Dès lors, il n’y avait plus qu’à cheminer. Douglas, un musicien californien, son piano et son Revox, me firent alors découvrir Stevie Wonder et son LP Innervisions de 1973, un sommet dans la carrière du chanteur.

Puis ce fut une seconde révélation : Rahsaan Roland Kirk via la reprise de son « Serenade to a cuckoo » par le groupe Jethro Tull. Curieuse rencontre en définitive, entre l’errant que j’étais et ces deux derniers géants aveugles qui allaient tant influer sur mon futur. Au-delà de leur cécité, tous deux étaient en recherche de patronymes, tous deux à l’avant-garde, tous deux en première ligne de la lutte pour la cause des noirs, tous deux multi-instrumentistes, tous deux passionnés par la radio, tous deux…

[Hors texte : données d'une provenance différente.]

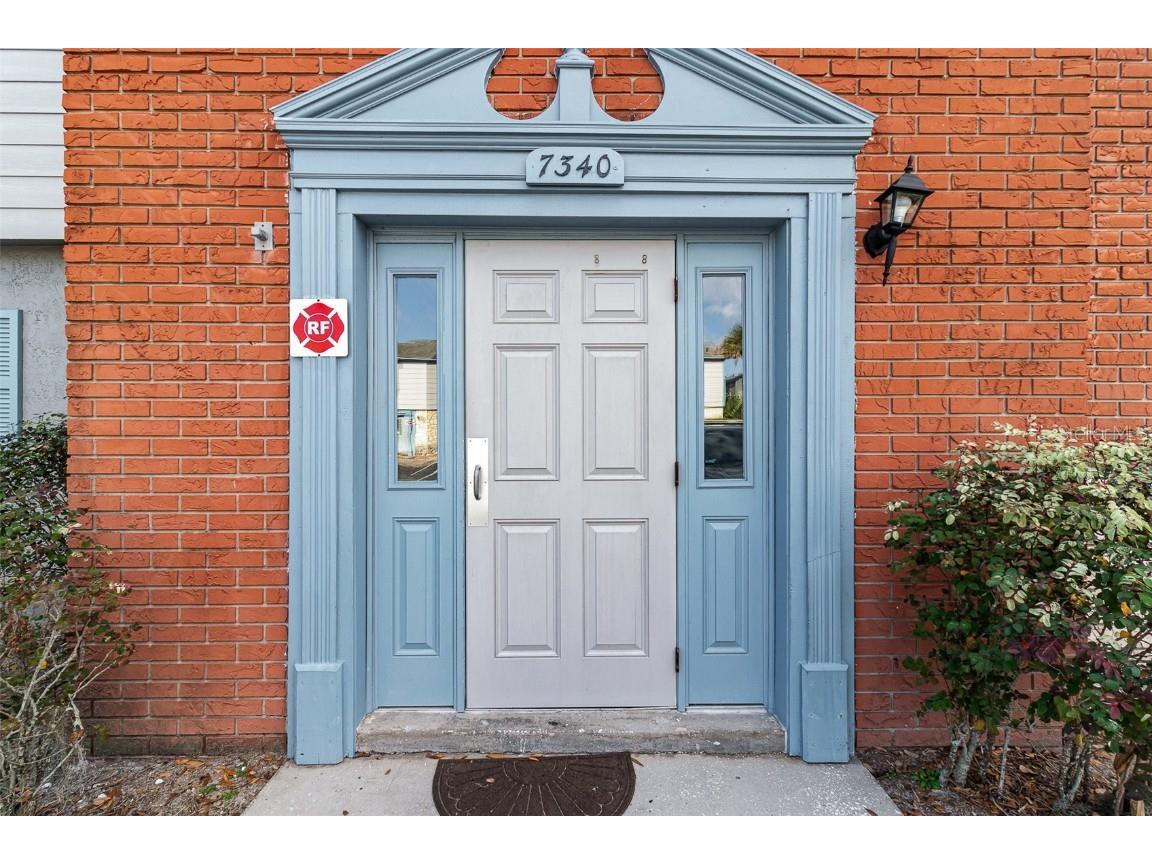 7340 Daniel Webster Drive #7 Winter Park FL 32792 O6276723 image1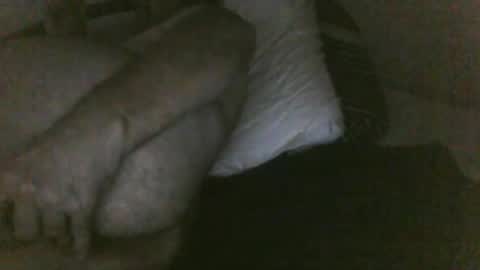 hotforyou69 online show from December 16, 8:37 pm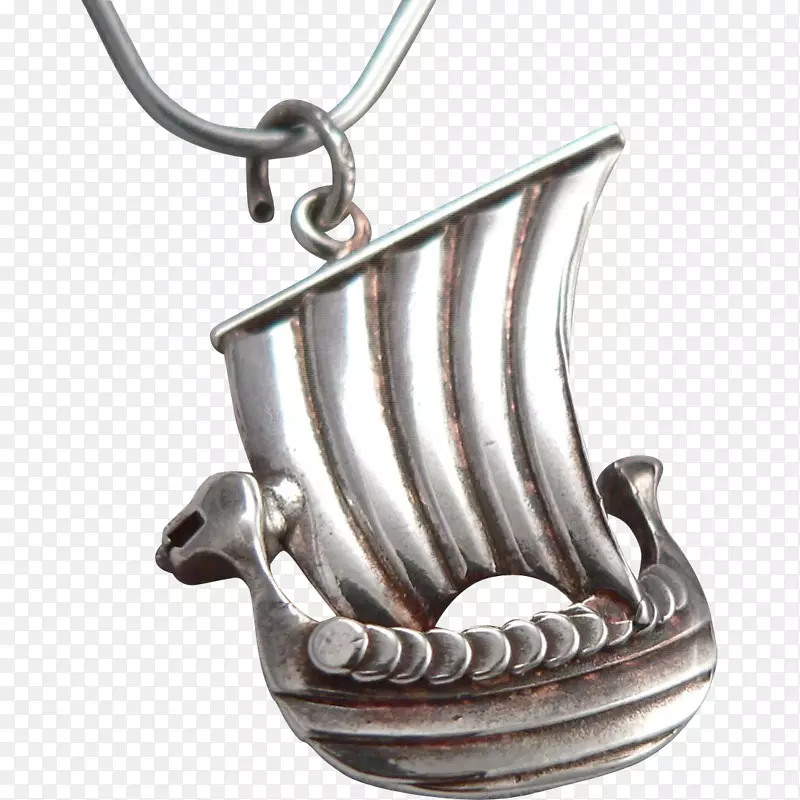 ������������.��-������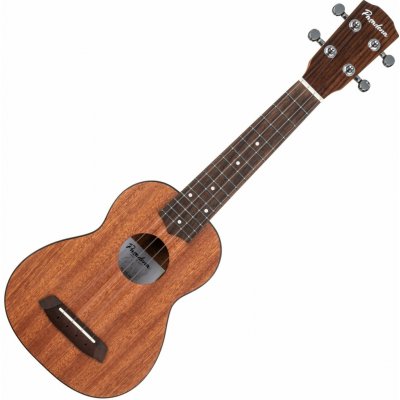 Pasadena PU-10S – Sleviste.cz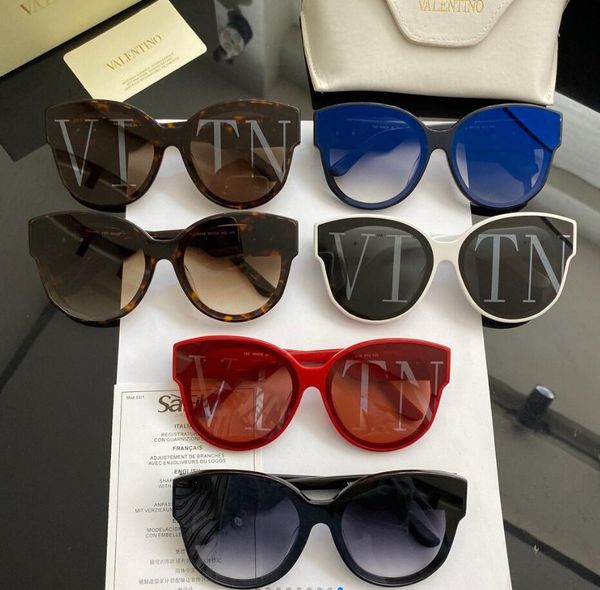 

designer sunglasses for men women sunglasses for women sun glasses men designer glasses men sunglasses mens glasses0000, White;black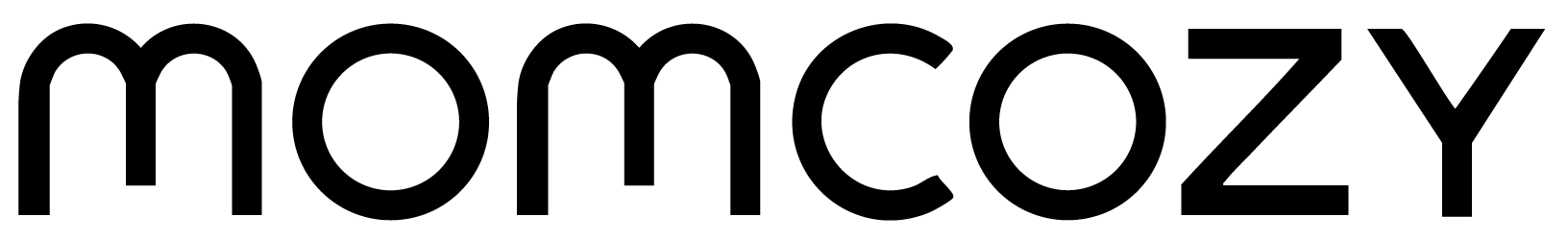 网页 logo-09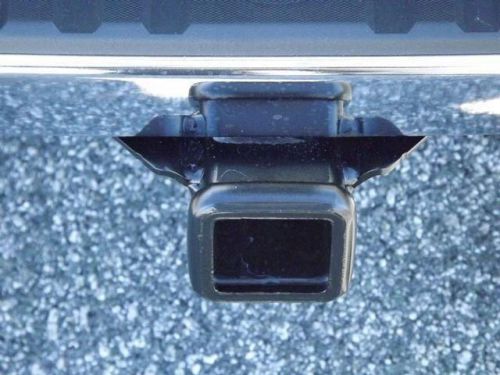 2014 Chevrolet Silverado 1500 1LT, US $33,863.00, image 19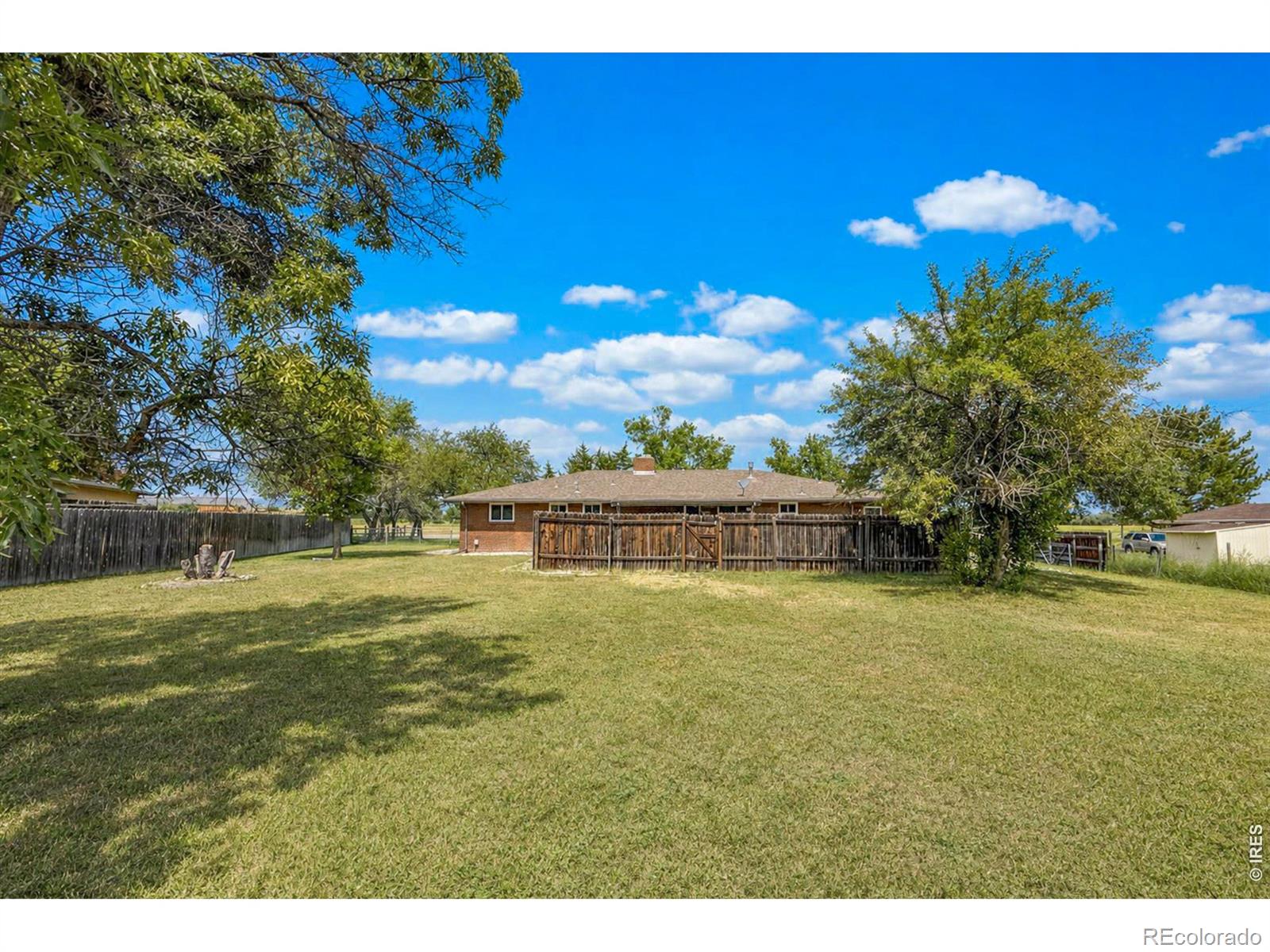 MLS Image #43 for 9204  anhawa avenue,longmont, Colorado
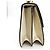 Gucci Dionysus Bamboo Top Handle Colorblock Leather Medium - vista 4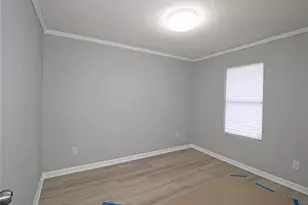 254 Windy Ln, Jackson, GA 30233 - Photo 20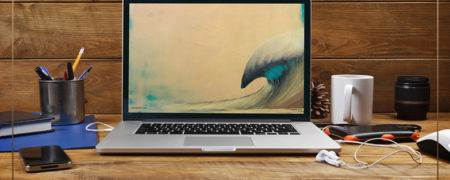 بهترین لپ تاپ مخصوص برنامه نویسی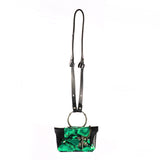 EDITH MINI BAG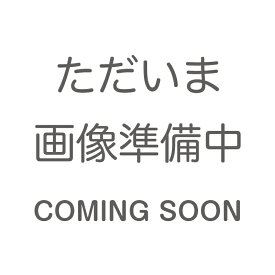 モラン FUWAKUTA MOOMIN ムーミン キャラクター 予約商品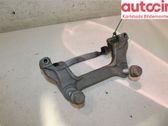 Front Brake Caliper Pad/Carrier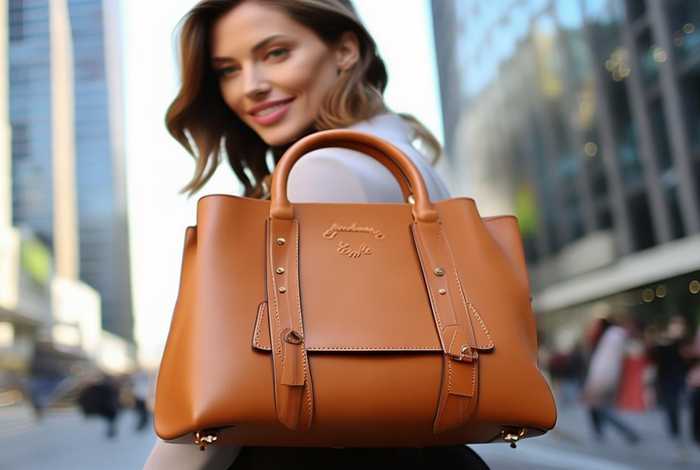 女包出名品牌又不贵（女包出名品牌又不贵的有哪些）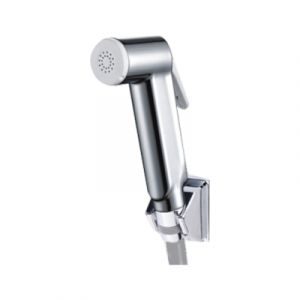 Hình ảnh thực tế Vòi chậu lavabo lạnh Luxta L1105T3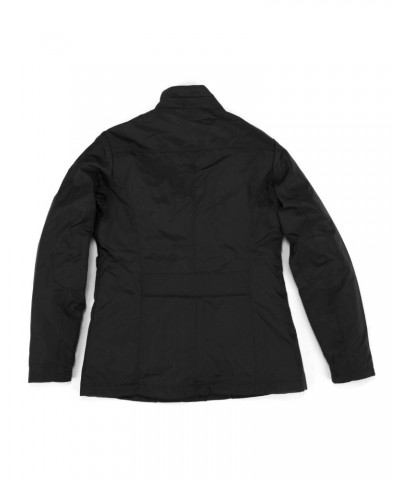 John Mayer Women's Field Jacket $41.00 Outerwear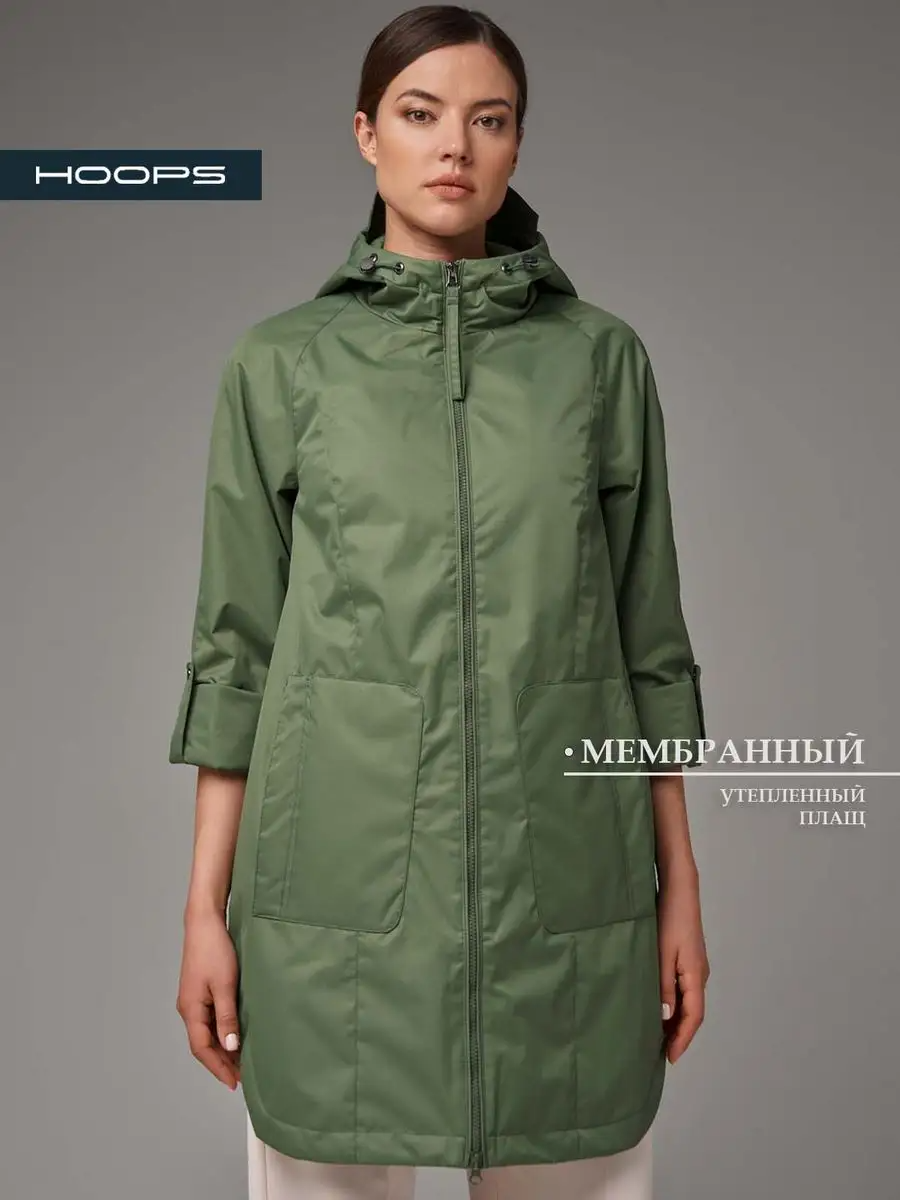 ������� �� Hoops. ����������� ������������ ������� ���� 32516 �������� ����������� ������������� �� ���� � - ������� � ������ ������ ������ 7/8. ��� ���������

Si pour Kirk « la musique c’est le rêve », et que Stevie Wonder a toujours déclaré que « Songs in the key of life » lui était venu durant un rêve, concrètement, comment réaliser le mien et sortir enfin du flou où je me trouvais ? Je n’allais donc pas échapper à cette longue série de « petites galères » : trouver un instrument d’occase, travailler, répéter dans les caves et garages, travailler encore, jouer dans des bals de quartier, travailler toujours, m’épuiser dans des orchestres de variétés, et travailler, travailler pour enfin approcher le jazz de plus près et notamment les styles de Kirk et Wonder, leur puissance, leur sensibilité.

Sur proposition d’un organisateur éclairé, je constituais Bright moments (Moments lumineux, un thème de Kirk). Ce groupe est un hommage à Rahsaan Roland Kirk, ce génial multi-saxophoniste- instrumentiste, flûtiste, et compositeur, génie déjanté peu connu du grand public, difficilement étiquetable qui, de ce fait, échappa aux grands médias et n’a pas bénéficié d’une reconnaissance méritée. « Des moments lumineux, c’est comme voir quelque chose que vous n’avez jamais vu de votre vie, et vous n’avez même pas besoin de le voir, car vous savez exactement à quoi ça ressemble » (Kirk).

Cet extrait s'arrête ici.